> Description of the task:
Restate word for word the lines below from the one that has "Fossil Fighters: Frontier" through the one that has "Hyundai KONA 2.500", keeping both and dropping all pictures.

> Material supplied:
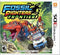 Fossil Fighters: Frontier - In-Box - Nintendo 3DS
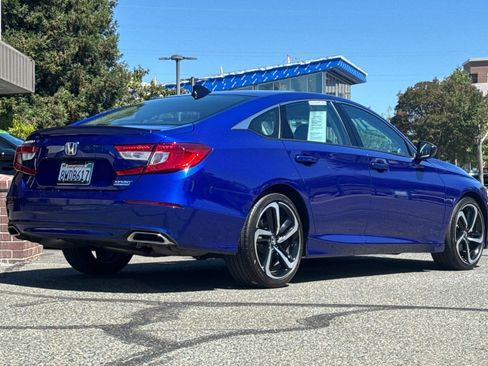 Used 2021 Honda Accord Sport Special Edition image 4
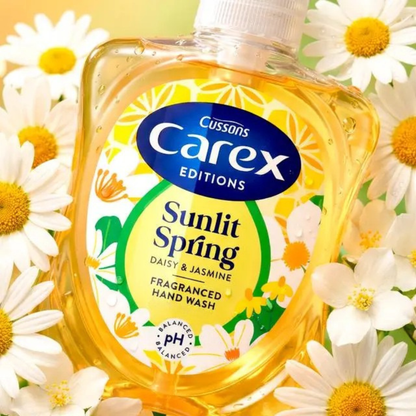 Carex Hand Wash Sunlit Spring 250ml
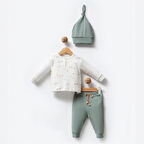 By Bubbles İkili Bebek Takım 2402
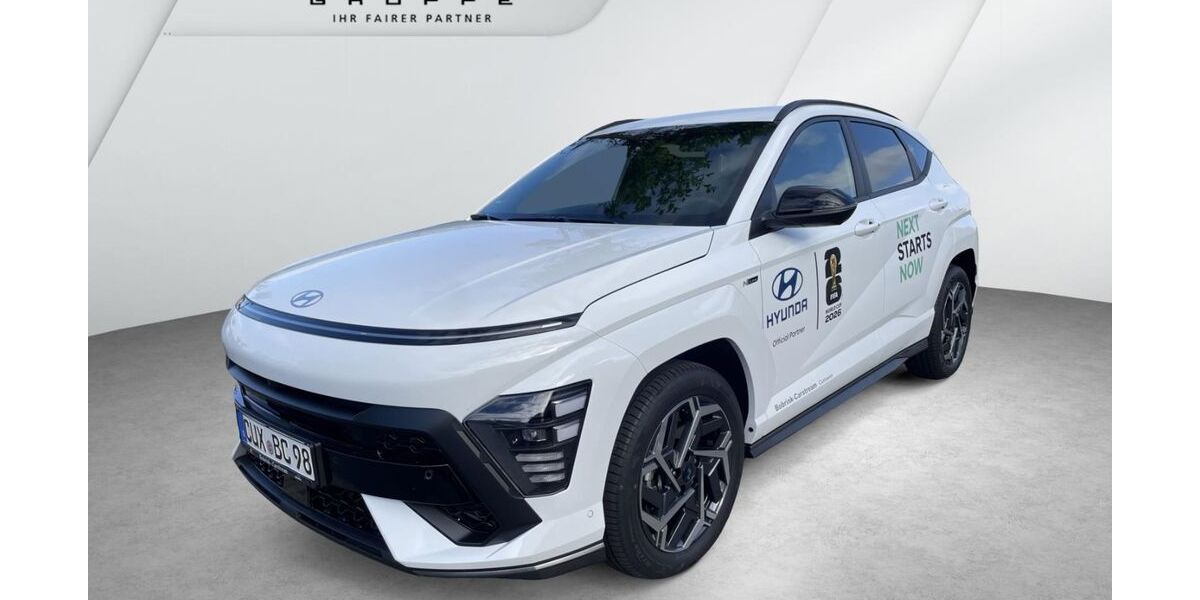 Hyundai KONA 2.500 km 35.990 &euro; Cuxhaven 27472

...

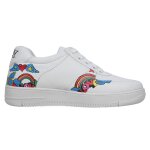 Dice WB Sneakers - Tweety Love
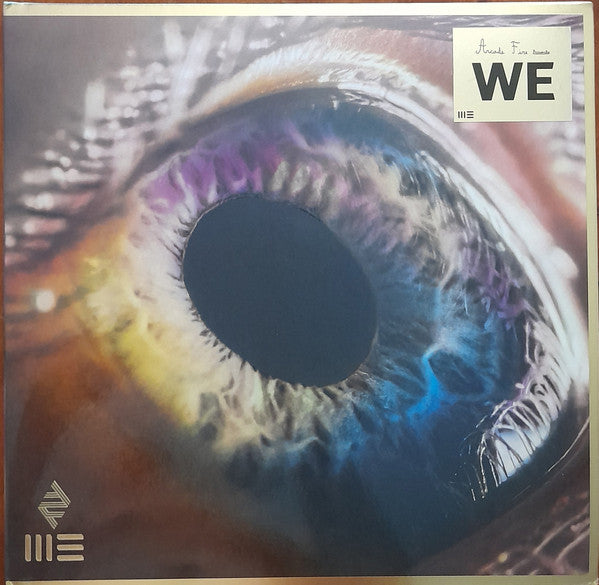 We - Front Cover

--

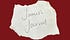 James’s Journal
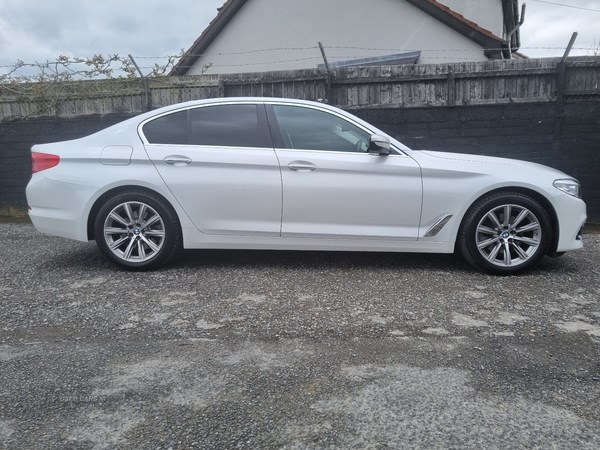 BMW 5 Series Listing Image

> Answer box:
 Fossil Fighters: Frontier - In-Box - Nintendo 3DS
 Used 2021 Honda Accord Sport Special Edition image 4
 Carex Hand Wash Sunlit Spring 250ml
 By Bubbles İkili Bebek Takım 2402
 Hyundai KONA 2.500 km 35.990 &euro; Cuxhaven 27472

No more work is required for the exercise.